The catalogue of disasters that are happening right now
Across the planet, rising temperatures are taking their toll

CARBON DIOXIDE

New research has found that levels of carbon dioxide in the atmosphere - the main cause of global warming - are higher than at any time in the past 625,000 years. HOTTEST EVER
This year is expected to be the warmest ever recorded; 1998 was the hottest so far, but the past three years currently occupy the next three places.

DESERTIFICATION

The giant Kalahari desert, already four times the size of Britain, threatens to become larger still, covering farmland in Namibia, Botswana and South Africa.

EXPANDING OCEANS

The level of the world's seas and oceans is rising twice as fast as in the past, as their waters expand in rising temperatures and glaciers melt.

OCEAN EXILES

The people of the Carteret Islands, a scattering of atolls off Papua New Guinea in the South Pacific, have started to leave as their homes succumb to rising seas.

HURRICANES

Hurricane Epsilon - the 14th of the year - is forming in the Atlantic, even though the worst recorded hurricane season by far formally ended on Wednesday.

GLACIER MELT

Greenland glaciers have suddenly started racing towards the sea and melting. Much the same is beginning to happen to glaciers in the West Antarctic Ice Sheet.

WATER SHORTAGE

Areas such as the western USA, which depend on mountain snows for their water supplies, are running short as less snow falls - and what does fall melts earlier.

DISAPPEARING SPECIES

Sealife and birdlife have declined catastrophically this year along America's north-west Pacific coast, after a similar meltdown in the North Sea.

CORAL REEFS

Corals on the Great Barrier Reef are bleaching out and dying as sea temperatures rise and scientists fear that the whole reef may perish by 2050.

Greenland glaciers have started to melt and race towards the sea

More than 100,000 people took to the streets in more than 30 countries yesterday, in the first world-wide demonstration to press for action to combat global warming.

The marches - timed to put pressure on the most important international climate-change negotiations since the agreement of the Kyoto Protocol eight years ago - took place against a background of a blizzard of new research showing that the heating of the planet is seriously affecting the world sooner than the scientists predicted (see panel below).

The protests were directed primarily at President George Bush, who has been assiduously trying to sabotage the protocol and has ruled out even talking about setting targets for reducing the pollution that causes global warming, once the current targetsexpire.

Harlan Watson - the head of the US delegation to the negotiations, being held in Montreal - announced at the opening of the meeting: "The United States is opposed to any such discussions."

Yesterday's march in London was also directed at Tony Blair.

Ten thousand demonstrators - who created a party atmosphere while carrying banners linking the President and the Prime Minister as "climate criminals" - took a special detour to hand in a letter at No 10 Downing Street.

They are concerned that Mr Blair - who put climate change at the head of the international agenda by making it one of his priorities for this summer's Gleneagles Summit - may have recently trimmed his position to please Mr Bush.
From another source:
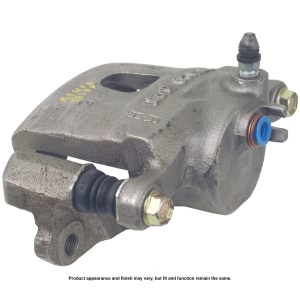 Cardone Reman Remanufactured Unloaded Caliper w/Bracket for 1986 Honda Civic - 19-B746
The letter demanded that he reaffirm the Government's commitment to a new international treaty with legally binding targets on reducing emissions of carbon dioxide and other pollutants that cause the climate change.

The Prime Minister has caused widespread confusion by appearing to back such a treaty, then to cast doubt on it.

The protesters also demanded that Britain should do much more to cut its own pollution; emissions of carbon dioxide have actually risen since Labour took power in 1997, despite repeated election pledges to cut them by 20 per cent by 2010.

Nick Rau, Friends of the Earth's energy campaigner, said: "If the UK is serious about leadership on climate change then our Government needs to take action at home. It is not too late."

The first demonstration of the day took place in Australia when thousands of protesters marched in Sydney, Melbourne and Brisbane. Australia is, with the US, the only Western industrialised nation not to have ratified Kyoto.

The Australian government reacted by reaffirming its refusal to join the protocol, insisting, according to its Environment minister, Ian Campbell: "We need to do something that suits the developed world, something that suits the rapidly developing world - partnerships, technologies, economic mechanisms that drive us towards that."

One of the biggest demonstrations took place in Montreal where Inuit from the Arctic were keen to draw attention to the melting of ice in their territory, which is threatening their fishing and livelihoods. They were among a crowd of some 7,000 people, around half the number organisers had anticipated.

Five environmental groups, including Greenpeace and the Climate Crisis Coalition, delivered a petition signed by 600,000 Americans to the US Consulate in Montreal urging the Bush administration to help slow global warming.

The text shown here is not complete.